Disfruté de aquella paz durante un buen rato, sin prisas, sin reloj, sin importarme lo que después aconteciera a pesar de mi apretada agenda, la cual prefería olvidar. Quería estar otro rato más, cargando mis pilas con aquella energía revitalizante. Pero debía continuar el viaje, cosa que me entristeció bastante.

Me dirigí a mi coche. Pero esta vez me di cuenta de que mi coche era diferente. Me detuve para observarlo e intentar descubrir qué era lo que había pasado por alto. Era el mismo coche, pero algo tenía diferente. O quizá lo diferente era yo y no era capaz de saber qué.

Entonces lo descubrí y me increpé a mí mismo por mi estupidez, y por no haberme dado cuenta durante tanto tiempo: mi coche era, en realidad, mi propia vida.

Conducimos nuestro coche, nuestra vida, a gran velocidad y sin control por una autopista, expuestos, constantemente, a graves accidentes. En esa autopista se concentran numerosas vidas que, como la nuestra, viajan muy deprisa, y a las que vemos como simples puntos de referencia a las que hay que adelantar o a las que vemos perderse en nuestro espejo retrovisor o delante de nosotros. Esas vidas van en nuestro mismo sentido, y, tarde o temprano, tomarán distintas direcciones, por mucho que nos empeñemos en acompañarlas, porque su punto de destino es diferente. Es muy posible que nunca más volvamos a ver a esa vida, aunque también es posible volver a encontrarlas en el lugar y en el momento más inesperados.
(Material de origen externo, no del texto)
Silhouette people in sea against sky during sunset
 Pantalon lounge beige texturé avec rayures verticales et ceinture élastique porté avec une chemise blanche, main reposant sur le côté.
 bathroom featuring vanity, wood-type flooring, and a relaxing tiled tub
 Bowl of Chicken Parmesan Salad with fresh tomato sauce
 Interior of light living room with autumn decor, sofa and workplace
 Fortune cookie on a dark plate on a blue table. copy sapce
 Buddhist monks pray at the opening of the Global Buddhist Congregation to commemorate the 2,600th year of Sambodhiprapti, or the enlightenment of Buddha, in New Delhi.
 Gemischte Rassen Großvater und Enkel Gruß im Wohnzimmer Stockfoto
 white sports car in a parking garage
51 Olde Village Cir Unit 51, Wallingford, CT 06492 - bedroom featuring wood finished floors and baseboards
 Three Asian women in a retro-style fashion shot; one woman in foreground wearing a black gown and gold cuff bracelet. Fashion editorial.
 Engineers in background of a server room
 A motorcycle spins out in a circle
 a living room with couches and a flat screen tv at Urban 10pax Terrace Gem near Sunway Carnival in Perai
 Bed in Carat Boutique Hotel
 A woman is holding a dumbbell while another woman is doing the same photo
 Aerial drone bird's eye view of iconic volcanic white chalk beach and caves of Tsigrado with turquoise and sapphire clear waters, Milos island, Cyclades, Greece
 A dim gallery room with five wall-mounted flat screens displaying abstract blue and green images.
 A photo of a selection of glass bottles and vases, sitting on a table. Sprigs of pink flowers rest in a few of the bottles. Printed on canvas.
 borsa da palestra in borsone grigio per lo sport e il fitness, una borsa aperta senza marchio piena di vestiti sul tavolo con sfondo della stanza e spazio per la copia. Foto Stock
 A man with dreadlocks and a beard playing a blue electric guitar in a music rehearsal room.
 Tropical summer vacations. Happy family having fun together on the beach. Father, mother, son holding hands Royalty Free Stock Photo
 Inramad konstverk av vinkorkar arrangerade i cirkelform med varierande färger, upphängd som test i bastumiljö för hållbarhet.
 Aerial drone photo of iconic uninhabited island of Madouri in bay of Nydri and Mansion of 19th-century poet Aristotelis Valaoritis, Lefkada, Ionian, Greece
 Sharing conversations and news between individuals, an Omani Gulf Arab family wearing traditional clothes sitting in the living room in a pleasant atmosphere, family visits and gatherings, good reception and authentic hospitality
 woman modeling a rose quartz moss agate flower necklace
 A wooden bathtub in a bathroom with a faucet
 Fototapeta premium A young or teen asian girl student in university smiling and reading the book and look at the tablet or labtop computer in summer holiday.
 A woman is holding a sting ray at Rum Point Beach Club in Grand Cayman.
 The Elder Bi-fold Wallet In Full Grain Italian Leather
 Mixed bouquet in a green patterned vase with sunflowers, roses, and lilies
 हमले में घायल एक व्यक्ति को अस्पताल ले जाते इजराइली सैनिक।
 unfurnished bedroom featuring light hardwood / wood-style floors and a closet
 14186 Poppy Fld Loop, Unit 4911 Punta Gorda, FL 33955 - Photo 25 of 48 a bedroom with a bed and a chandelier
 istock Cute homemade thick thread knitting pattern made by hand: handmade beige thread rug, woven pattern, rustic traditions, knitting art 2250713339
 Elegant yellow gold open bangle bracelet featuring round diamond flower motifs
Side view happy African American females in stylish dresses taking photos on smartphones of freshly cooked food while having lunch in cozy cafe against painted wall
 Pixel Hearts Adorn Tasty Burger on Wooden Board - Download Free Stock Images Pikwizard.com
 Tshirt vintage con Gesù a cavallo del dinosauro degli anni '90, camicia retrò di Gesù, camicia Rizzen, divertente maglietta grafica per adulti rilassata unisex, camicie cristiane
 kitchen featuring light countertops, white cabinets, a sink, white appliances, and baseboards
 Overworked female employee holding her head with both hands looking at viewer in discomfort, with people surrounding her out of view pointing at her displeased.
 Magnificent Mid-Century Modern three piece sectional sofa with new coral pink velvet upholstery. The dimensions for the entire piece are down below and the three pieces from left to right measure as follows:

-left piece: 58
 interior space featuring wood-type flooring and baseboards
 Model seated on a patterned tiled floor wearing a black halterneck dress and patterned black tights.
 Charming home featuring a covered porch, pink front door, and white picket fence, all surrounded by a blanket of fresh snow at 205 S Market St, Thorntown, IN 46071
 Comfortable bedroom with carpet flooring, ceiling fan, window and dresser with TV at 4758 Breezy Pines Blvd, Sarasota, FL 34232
Conducimos nuestra vida por la autopista, el lugar más rápido y cómodo, el camino que elige la mayoría. Y en esa conducción no prestamos más atención que a nuestro volante y al pedazo de carretera que abarcamos a apenas pocos metros y a gran velocidad, olvidándonos por completo de nuestros pasajeros y de que existen otras vidas conduciendo por nuestra misma autopista, vidas tan interesantes o más que nuestra propia vida. Vidas con un pasado, un presente y un futuro. Vidas que a veces se quedan averiadas y que necesitan de una reparación. Vidas que se quedan paradas en la cuneta de esa autovía, desesperadas porque nadie se detiene para ayudarlas, aunque sea con un poco de compañía para pasar el miedo y la frustración, de no sentirse solos ahí tirados en la cuneta, mientras el resto de vidas pasan a gran velocidad sin prestarles un poco de atención. Vidas que se dan cuenta que cualquier vida, incluida la suya misma, puede averiarse o sufrir un accidente, que es vulnerable en cualquier momento y en cualquier lugar. Vidas que se asustan al ver pasar a velocidades meteóricas a otras vidas que sólo están apoyadas en el suelo por cuatro puntos apenas superiores al tamaño de un puño, y que de milagro se mantienen unidos al suelo.

Y en esa rapidez y comodidad, olvidamos que existen más cosas aparte de esa autopista cargada de carriles y grandes rectas, cuyas curvas apenas se aprecian. Existen muchos más lugares más allá de las cunetas y de sus márgenes. Y en esos “extraños” lugares existen otras personas y otras cosas interesantes e importantes, y nuestra naturaleza está, precisamente, ligada a esos lugares, y que cuando llegamos a esos lugares, nuestra vida se identifica inmediatamente y se empatiza con esa paz y esa energía positiva que esos lugares ofrecen.

La calidad de nuestra vida depende de estos lugares pacíficos que nos unen a un ente superior que es la Naturaleza, de la cual somos parte. Es en la quietud donde encontraremos la paz que necesitamos para continuar nuestro camino reduciendo los riesgos y los peligros. Es necesario detenernos cada día en esas gasolineras y repostar nuestro vehículo “vida” con la paz del lugar, con esa energía natural que mantendrá a nuestro vehículo “vida” sano, fuerte y preparado.

Las autopistas apartan, aíslan y alejan pueblos, gentes y lugares naturales. Las autopistas son las vías más rápidas para llegar a ciertos lugares, pero a la vez son las más inhumanas, antinaturales, peligrosas y lentas para alcanzar nuestro verdadero destino final: la felicidad y la paz internas.

Hubo una vida que en su día me dijo: “más vale perder un minuto en la vida, que perder la vida en un minuto”.